Net profit margins vary from industry to industry, but most people would be stunned to learn that most businesses work hard to scratch out a bottom line measuring 10% or even 5%. Those that reach double-digit profit levels usually are in capital-intensive businesses that require a constant infusion of investment funds. Within our plumbing company, for instance, much of our profits go to the purchase of new vehicles and upkeep on those still in use. Our service vehicles consume a lot of mileage on Southern California roadways and need to be replaced every few years. Similarly, the tools and equipment of our trade do not come cheap. To support it all we need to make a profit, which is probably more modest than you think.

One reason so many people think business profits are enormous is that most non-business people fail to distinguish between gross and net profit, or they equate markup with profit. Markup is the difference in what a business pays for a service or merchandise versus what it sells it for. For instance, if a widget is $75 and sells for $100, it has been marked up by $25, or 33% more than it was bought for. The gross profit on that sale would be $100 minus $75 = $25, or 25% of the selling price.

However, gross profit is not the same as net profit. Net profit is the amount left over after all overhead expenses are covered. Overhead varies greatly among businesses. Some can get by with relatively little overhead by operating out of a home basement or garage, for instance. A one-person shop can do that, but most businesses, including our company, would find that impossible. Anyone who has seen our facilities knows we don’t operate out of the Taj Mahal, but we do require space for our trucks, tools, equipment, offices, and inventory.
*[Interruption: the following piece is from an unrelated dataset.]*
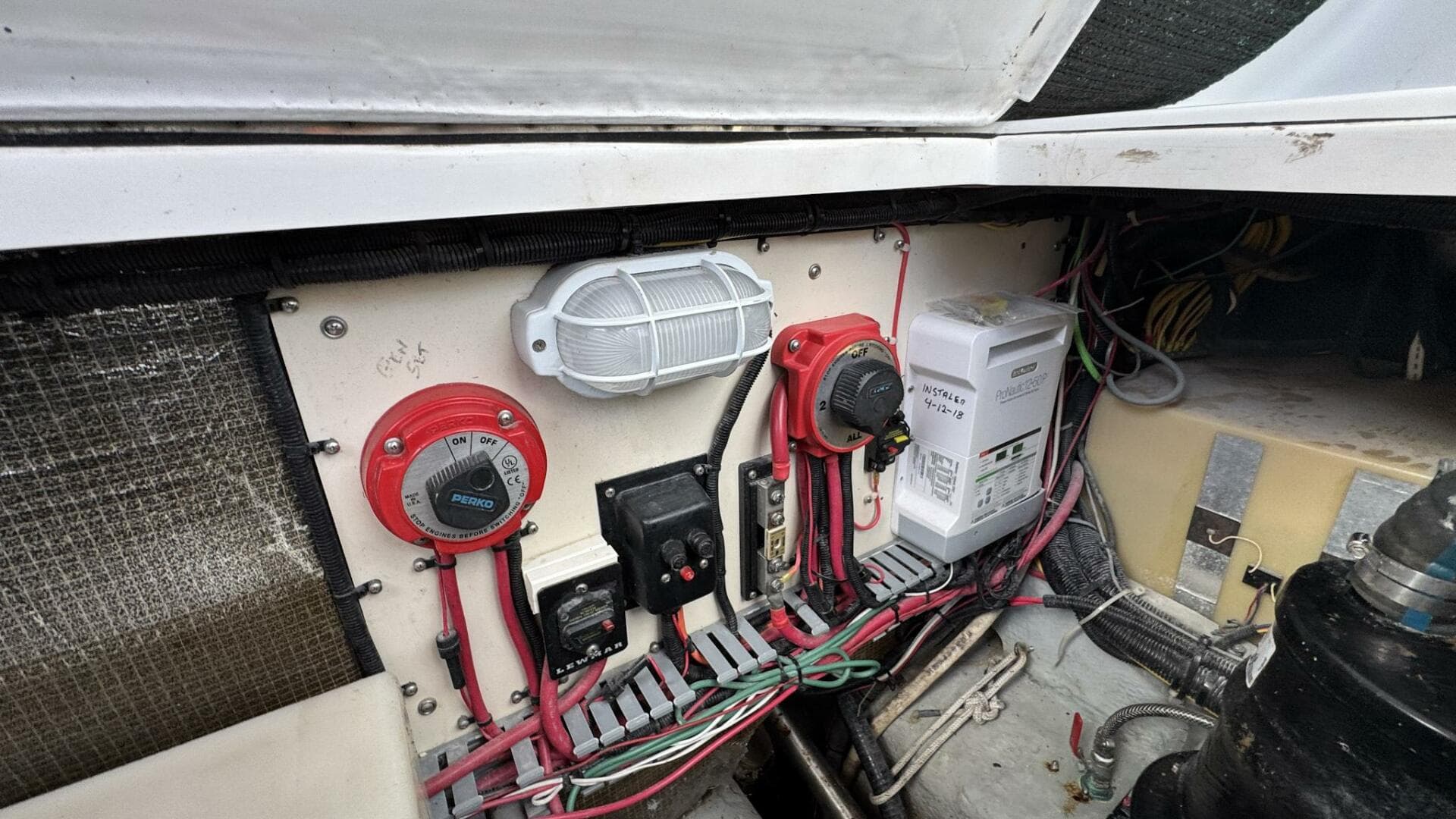 1999 Mainship 350 Engine Room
Operating such a facility does not come cheap.

Here are some of the components of overhead for the typical plumbing company and many other small businesses:

  • Salaries and wages for owner(s), supervisors/managers, office staff, & field workers
  • Payroll taxes for all of the above
  • Retirement fund/401k for all employees
  • Rent/lease/mortgage
  • Natural gas or propane for heating
  • Water
  • Electricity
  • Telephone
  • Vehicle & equipment leases/payments
  • Maintenance/repair — vehicles & equipment
  • Gas/oil for vehicles
  • Maintenance/repair — office equipment
  • Interest expense
  • Property tax
  • Federal, state, & local taxes
  • Licenses
  • Insurance — liability
  • Insurance — vehicles & other mechanical equipment
  • Insurance — umbrella
  • Insurance — medical/dental
  • Insurance — life
  • Bad debts/collections expense
  • Credit reports
  • Legal expense
  • Accounting expense
  • Consultant expense
  • Small tools
  • Consumables (nails, screws, oil, grease, etc.)
  • Advertising
  • Uniforms
  • Business travel
  • Office supplies
  • Postage
  • Printing & copying
  • Depreciation — building
  • Depreciation — vehicles
  • Depreciation — equipment
  • Depreciation —tools
  • Depreciation — office equipment
  • Bank charges
  • Returned checks
  • Credit card fees
  • Dues & subscriptions
  • Charitable donations
  • Freight
  • Coffee/soft drinks/snacks for employees
  • Discounted sales
  • Training/education
  • Customer gifts
  • Miscellaneous

Some of these expenses amount to a lot of money, some very little, but you can see that the list of expenses to cover is quite long before reaching net profit, also known as the bottom line. Net profit is used to pay for a business expansion, with some perhaps paid out in employee bonuses in a good year.

Running a business is not essentially different than managing your household budget. Family members bring in income (revenues) and from that, you must cover various expenses that could be detailed along the lines of…

  • Mortgage/rent
  • Home maintenance/repairs
  • Taxes
  • Groceries
  • Clothing
  • Vacations/travel/entertainment
  • Etc.

What you have left after paying for everything is your net profit, which goes into savings, to pay down debt, or perhaps as a bonus to splurge on a dream vacation or whatever else your heart desires. If you have negative net profit, i.e., you spend more money than you make, you have to cover it out of savings or borrow money to pay bills.

Whether you are running a household, a business, or a government, one rule stands out above all. While borrowing can cover short-term deficits, you cannot forever run a negative net profit by continuously spending more than your income. At some point, debt becomes unsustainable.

That’s why profit is essential to running a business, just as it is to your household.